CalculateFields (multiple) vs. da.UpdateCursor

6139
19
06-08-2020 05:04 AM
JakeJohnson
New Contributor III

Hello,

I've been trying to improve the scripts I have and stumbled across this legendary post:

/blogs/richard_fairhurst/2014/11/08/turbo-charging-data-manipulation-with-python-cursors-and-diction... 

However, I was wondering if CalculateFields as opposed to CalculateField would be even better.
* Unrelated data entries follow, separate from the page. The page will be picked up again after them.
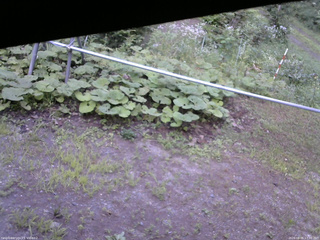 長野県菅平高原 ゆたか山荘 駐車場 2026/08/05 17:30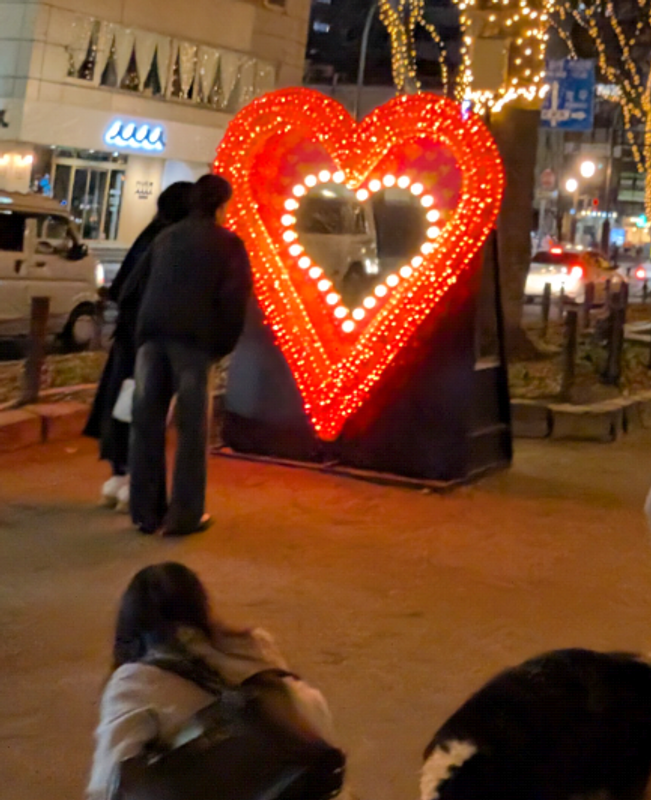 Sendai's Pageant of Starlight 2025: Lights and Ice photo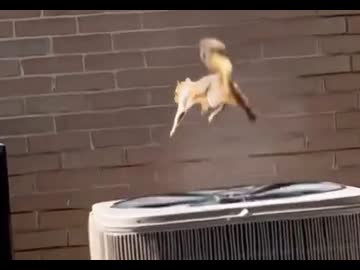 ホモと見る室外機で遊ぶリス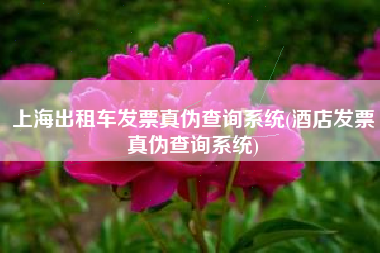 详细阅读:上海出租车发票真伪查询系统(酒店发票真伪查询系统) 上海出租车发票真伪查询系统(酒店发票真伪查询系统)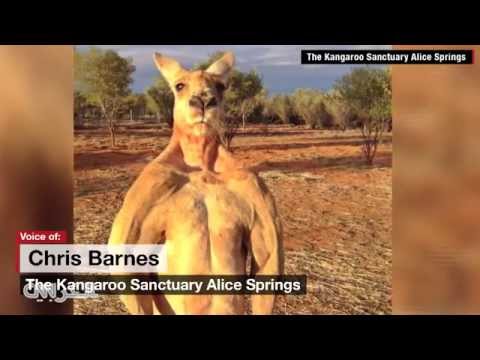 فيديو كنغر مفتول العضلات يتمكن من سحق المعادن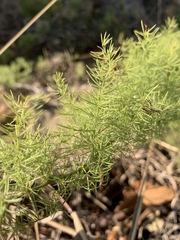 Asparagus minutiflorus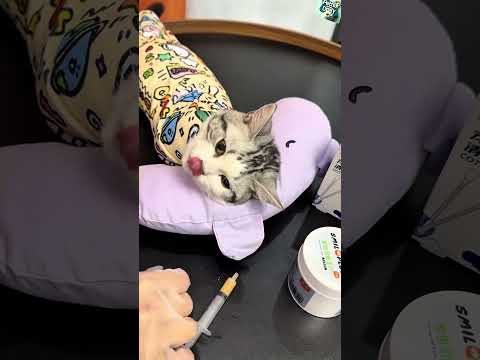 Part 1. Deworming Routine  #cat #petflix #routines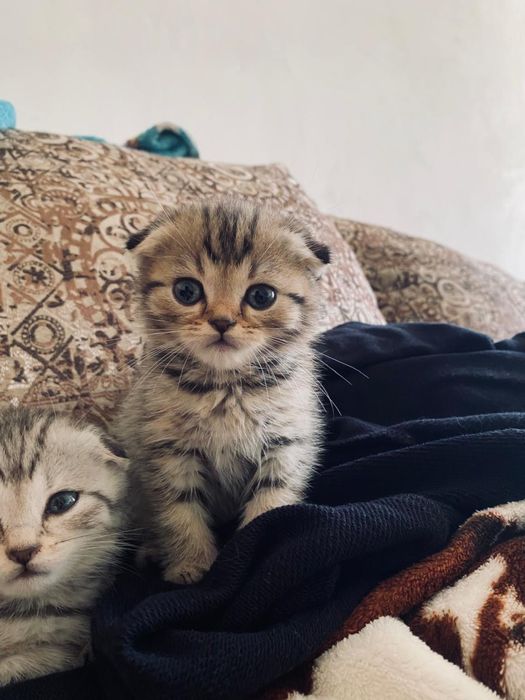 Продам породистых котят
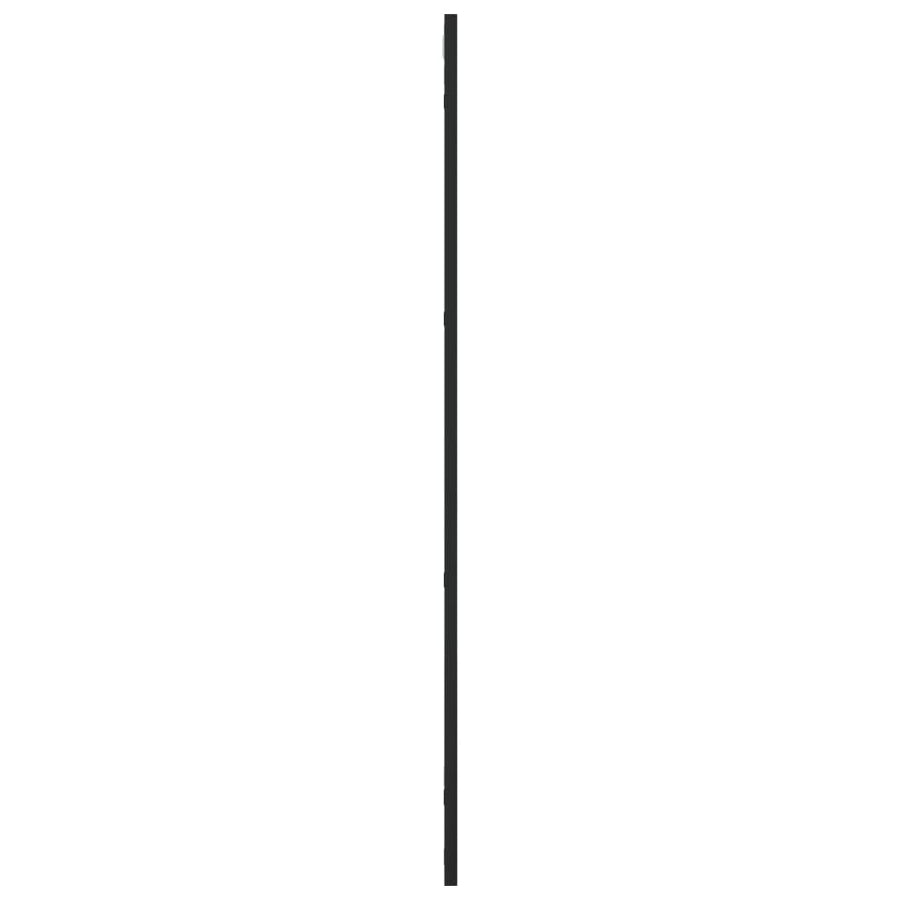 Wandspiegel Rechthoekig Ijzer Zwart 50 x 100 cm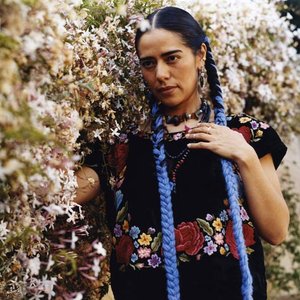 Image for 'Lila Downs'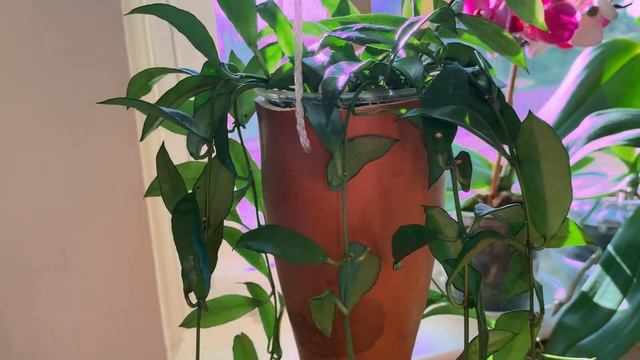 Hoya lacunosa смотреть онлайн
I don't know how it works behind the scenes -- is it just multiple CalculateField calls or more than that?

0 Kudos
19 Replies
JoeBorgione
MVP Emeritus

This Riker Maneuver?  Riker sits down - YouTube   

LOL...

That should just about do it....
JoshuaBixby
MVP Esteemed Contributor

There are several factors that can influence the speed at which Calculate Field(s) and cursors update data sets.  To eliminate disk caching and disk I/O factors, I did some testing with multi-million record data sets using memory workspaces.  I found that Calculate Fields ranged from 25-66% faster than using ArcPy DA update cursor.  Since I was testing using memory workspaces, all of the times were < 20 seconds, so I don't know if saving 3 or 5 seconds is really that big of a deal.  It would be interesting to see if Calculate Fields continues to outperform update cursors when using data in file geodatabases or enterprise geodatabases.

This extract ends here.